Wednesday, May 28, 2008

Making Sure Your Art Is Yours

Making Sure Your Art Is Yours


On May 8 the champagne was flowing at the Manhattan galleries of Bonham's auction house in anticipation of the upcoming spring sales. The mood was confident, as both buyers and sellers anticipated a successful season. While many of the guests were members of long standing in the close-knit art world, there were also some newcomers, and it's not quite clear how welcome some of them will be.

"Here come the ARIS people!" is how Lawrence Shindell says he and his team were greeted when they arrived. Unlike most of the other attendees, Shindell deals not in art, but in insurance. The former lawyer is chairman and CEO of ARIS Title, which he founded in 2000 with Judith Pearson, his sister, who has an extensive insurance background. Based in Manhattan, ARIS offers a new product called "art title insurance," which is similar in concept to real estate title insurance. Both protect the policyholder against loss in the event of an ownership dispute.

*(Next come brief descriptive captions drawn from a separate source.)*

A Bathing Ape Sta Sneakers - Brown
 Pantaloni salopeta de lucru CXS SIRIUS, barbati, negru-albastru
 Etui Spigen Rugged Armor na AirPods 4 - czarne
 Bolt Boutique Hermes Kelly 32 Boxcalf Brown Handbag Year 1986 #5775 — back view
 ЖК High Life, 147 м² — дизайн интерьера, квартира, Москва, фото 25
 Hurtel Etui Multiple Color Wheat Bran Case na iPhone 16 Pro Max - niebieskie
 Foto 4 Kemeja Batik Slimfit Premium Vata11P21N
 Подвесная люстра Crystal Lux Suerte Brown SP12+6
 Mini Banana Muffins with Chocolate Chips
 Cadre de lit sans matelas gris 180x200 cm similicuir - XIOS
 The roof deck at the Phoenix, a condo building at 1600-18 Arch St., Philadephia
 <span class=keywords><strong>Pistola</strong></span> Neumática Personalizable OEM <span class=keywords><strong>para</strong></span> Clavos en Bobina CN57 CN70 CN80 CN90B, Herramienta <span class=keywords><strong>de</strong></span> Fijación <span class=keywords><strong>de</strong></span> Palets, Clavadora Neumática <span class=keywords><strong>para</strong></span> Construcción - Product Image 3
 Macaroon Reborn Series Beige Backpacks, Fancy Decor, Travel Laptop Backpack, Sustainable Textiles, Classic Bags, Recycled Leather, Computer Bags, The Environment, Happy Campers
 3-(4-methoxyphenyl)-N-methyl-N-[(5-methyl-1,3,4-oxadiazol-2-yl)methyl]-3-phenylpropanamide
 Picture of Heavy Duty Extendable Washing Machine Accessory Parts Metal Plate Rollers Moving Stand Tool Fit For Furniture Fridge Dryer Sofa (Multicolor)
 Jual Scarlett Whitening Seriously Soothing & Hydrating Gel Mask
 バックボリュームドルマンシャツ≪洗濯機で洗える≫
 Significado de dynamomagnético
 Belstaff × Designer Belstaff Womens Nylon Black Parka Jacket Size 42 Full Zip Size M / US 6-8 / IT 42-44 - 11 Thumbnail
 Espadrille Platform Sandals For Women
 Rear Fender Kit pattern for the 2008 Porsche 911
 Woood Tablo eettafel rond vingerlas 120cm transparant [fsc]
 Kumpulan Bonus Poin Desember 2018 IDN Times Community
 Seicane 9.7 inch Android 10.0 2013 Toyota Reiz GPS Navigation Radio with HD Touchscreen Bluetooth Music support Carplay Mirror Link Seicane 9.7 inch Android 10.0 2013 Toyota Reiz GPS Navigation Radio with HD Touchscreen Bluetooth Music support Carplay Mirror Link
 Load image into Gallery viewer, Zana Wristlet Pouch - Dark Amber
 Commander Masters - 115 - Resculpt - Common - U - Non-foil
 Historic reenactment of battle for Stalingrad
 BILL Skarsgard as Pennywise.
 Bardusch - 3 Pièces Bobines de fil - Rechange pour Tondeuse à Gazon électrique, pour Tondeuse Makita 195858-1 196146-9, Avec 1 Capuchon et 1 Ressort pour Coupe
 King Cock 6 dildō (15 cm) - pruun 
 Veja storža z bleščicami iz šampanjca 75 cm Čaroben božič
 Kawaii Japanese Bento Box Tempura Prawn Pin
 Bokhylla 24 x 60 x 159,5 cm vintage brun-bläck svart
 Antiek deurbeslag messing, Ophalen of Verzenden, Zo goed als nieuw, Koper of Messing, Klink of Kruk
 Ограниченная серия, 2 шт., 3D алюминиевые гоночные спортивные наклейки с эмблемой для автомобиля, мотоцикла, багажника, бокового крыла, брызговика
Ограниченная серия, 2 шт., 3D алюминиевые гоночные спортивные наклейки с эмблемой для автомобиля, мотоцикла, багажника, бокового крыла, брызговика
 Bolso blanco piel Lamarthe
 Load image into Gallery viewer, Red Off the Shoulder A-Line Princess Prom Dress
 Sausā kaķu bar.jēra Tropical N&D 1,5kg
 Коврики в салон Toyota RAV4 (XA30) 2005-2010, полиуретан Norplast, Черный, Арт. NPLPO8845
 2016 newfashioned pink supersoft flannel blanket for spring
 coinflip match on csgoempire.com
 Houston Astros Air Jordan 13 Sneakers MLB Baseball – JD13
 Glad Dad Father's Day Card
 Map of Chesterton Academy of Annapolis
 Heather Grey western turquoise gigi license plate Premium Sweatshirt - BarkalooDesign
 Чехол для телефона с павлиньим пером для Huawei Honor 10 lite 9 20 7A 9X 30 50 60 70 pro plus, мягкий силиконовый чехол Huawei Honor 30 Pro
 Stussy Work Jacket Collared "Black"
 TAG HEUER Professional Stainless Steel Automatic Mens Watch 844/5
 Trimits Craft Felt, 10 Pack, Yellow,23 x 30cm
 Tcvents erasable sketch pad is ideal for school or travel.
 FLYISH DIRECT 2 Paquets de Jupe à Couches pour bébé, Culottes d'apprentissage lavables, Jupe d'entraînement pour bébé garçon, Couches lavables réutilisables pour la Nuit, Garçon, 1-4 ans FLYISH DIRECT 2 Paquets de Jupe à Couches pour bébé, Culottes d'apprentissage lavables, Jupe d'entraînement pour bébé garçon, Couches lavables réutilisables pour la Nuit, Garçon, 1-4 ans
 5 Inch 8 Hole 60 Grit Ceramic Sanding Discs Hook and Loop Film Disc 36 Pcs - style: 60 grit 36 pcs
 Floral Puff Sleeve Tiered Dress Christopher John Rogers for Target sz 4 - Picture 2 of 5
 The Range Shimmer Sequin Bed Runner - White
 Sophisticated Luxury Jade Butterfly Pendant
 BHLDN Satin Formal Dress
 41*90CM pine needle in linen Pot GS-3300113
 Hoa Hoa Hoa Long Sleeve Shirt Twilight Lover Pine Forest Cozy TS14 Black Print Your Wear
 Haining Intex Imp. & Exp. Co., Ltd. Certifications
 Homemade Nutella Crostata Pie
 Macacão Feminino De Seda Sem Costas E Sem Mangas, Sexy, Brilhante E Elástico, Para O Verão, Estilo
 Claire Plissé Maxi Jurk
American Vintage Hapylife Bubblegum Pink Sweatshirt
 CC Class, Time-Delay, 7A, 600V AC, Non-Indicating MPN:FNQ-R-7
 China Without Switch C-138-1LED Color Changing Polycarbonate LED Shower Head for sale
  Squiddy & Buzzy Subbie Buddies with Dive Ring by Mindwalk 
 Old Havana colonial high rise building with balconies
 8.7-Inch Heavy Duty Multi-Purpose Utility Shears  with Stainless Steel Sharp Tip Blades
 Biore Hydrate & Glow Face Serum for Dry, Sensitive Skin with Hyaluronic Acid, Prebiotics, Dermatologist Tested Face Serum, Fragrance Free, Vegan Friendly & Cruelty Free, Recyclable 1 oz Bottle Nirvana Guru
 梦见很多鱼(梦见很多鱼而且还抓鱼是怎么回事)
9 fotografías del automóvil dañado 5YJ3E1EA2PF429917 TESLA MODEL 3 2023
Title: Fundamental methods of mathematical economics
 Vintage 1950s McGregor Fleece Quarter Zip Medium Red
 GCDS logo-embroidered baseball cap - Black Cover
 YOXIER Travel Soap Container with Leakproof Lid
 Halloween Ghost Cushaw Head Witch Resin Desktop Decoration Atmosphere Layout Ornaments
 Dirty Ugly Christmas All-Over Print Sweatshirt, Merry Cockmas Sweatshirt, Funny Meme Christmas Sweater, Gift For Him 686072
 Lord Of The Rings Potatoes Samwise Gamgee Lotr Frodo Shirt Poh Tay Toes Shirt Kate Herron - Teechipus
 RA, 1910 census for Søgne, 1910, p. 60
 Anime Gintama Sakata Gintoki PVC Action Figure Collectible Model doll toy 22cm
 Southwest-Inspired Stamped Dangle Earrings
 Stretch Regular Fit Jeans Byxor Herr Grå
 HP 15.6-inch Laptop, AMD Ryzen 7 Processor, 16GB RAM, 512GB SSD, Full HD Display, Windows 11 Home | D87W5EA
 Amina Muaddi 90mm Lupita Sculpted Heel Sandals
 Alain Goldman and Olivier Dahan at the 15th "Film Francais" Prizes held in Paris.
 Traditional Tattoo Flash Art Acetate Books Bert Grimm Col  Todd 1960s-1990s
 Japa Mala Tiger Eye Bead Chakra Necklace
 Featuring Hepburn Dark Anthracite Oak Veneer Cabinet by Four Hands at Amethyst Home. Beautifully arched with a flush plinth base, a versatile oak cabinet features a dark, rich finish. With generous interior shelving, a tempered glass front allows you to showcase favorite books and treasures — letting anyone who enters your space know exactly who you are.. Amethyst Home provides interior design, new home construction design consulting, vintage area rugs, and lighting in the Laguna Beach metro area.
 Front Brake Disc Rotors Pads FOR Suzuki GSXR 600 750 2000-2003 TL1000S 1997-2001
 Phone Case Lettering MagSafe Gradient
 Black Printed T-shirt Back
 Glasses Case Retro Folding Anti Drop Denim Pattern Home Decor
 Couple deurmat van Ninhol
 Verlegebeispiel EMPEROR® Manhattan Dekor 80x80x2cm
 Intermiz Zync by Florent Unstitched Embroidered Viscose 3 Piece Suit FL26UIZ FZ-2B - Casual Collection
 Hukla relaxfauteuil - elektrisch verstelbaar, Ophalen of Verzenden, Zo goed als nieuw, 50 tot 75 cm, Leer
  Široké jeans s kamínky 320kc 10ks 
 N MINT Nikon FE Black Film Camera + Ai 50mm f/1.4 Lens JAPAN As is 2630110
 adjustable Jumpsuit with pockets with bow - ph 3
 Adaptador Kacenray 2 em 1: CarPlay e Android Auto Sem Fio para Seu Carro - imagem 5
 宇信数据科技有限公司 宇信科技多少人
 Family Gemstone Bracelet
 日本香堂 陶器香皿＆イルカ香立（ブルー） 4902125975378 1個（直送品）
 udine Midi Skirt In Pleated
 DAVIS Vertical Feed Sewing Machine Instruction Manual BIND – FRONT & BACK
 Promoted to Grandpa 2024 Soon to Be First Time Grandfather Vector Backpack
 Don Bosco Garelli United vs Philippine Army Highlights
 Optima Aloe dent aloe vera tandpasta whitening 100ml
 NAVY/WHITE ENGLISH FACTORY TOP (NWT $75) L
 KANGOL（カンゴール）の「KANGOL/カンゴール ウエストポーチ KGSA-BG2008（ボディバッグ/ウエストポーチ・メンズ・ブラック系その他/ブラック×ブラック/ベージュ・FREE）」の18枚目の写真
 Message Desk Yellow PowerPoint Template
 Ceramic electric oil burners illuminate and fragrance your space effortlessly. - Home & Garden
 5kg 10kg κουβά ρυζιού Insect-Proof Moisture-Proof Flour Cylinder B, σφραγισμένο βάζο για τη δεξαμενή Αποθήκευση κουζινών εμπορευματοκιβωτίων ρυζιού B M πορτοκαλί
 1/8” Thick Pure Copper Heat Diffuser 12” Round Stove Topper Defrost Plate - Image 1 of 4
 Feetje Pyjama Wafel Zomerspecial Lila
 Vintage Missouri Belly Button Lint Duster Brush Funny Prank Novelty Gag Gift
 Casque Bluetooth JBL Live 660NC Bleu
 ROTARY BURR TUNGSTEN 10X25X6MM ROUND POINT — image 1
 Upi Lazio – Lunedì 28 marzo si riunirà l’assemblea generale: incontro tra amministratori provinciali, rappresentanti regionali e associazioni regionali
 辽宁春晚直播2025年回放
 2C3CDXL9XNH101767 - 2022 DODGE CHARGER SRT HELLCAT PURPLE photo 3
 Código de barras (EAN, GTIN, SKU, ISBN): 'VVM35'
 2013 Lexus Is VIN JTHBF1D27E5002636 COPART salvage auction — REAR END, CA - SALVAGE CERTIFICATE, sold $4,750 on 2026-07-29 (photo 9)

The global art market is flush with cash, having grown by 95% between 2002 and 2006, from $25.3 billion to $54.9 billion, according to a survey by the European Fine Arts Foundation reported in ARTnews magazine. Annual private art sales alone total $25 billion to $30 billion, according to the magazine, and despite global economic insecurity, auction houses continue to set records. A 1976 triptych by Francis Bacon sold on May 14 for $86.3 million and became the most expensive work of modern art ever sold at auction.

Aesthetic Passions vs. Brass Tacks

For buyers, art isn't just about making money. It's a place for investors to have a good time, socialize, and indulge their aesthetic passions. But this rosy atmosphere, says Shindell, can also lead to reckless investing practices, such as the purchase of a work with a questionable title.

"The problem of art title has existed for some time. It was first illustrated in the context of claims of art seized during World War II, and over time as each title dispute presents itself the art market becomes more aware and risk-averse," Shindell says. "This is combined with the increasing complexity of art transactions that involve investment funds, lending against art, people generally regarding art as an asset, and the increasing value of art. Today, the financial risk of transaction is much more acute and much more in need of risk management."

Last year's highly publicized title dispute involving director Steven Spielberg has become a cautionary tale for collectors. In 1989, Spielberg purchased a Norman Rockwell painting, Russian Schoolroom, that, unbeknownst to him, had been stolen from a Missouri gallery 16 years earlier. If Spielberg had had art title insurance, Shindell argues, he would have been able to avoid the whole mess because either his company would have uncovered the painting's origins during due diligence or it would have reimbursed the director the full cost of the painting. Without it, Spielberg was not only out the $700,000 value of the painting but also his legal fees.

The FBI estimates that $6 billion worth of art is stolen each year. But Jane Jacob, a board member of the Appraisers Association of America, a nonprofit organization based in New York, estimates the number to be even higher, somewhere between $7 billion and $9 billion.

Private and Unseen

"The stolen art industry is second only to gun trafficking and drug-running. They say it's tied into that, and I believe that's exactly true," says Jacob, who is also president of Jacob Fine Art, an art appraisal and advisory firm in Chicago. She added that because the majority of art sales are private, many stolen artworks disappear for years and reappear only when they enter the public sphere as part of an auction, exhibition, or publication.

For years the best defense for a buyer was hiring experts to trace a work's history, but it was often just as easy to forge a provenance as it was a painting.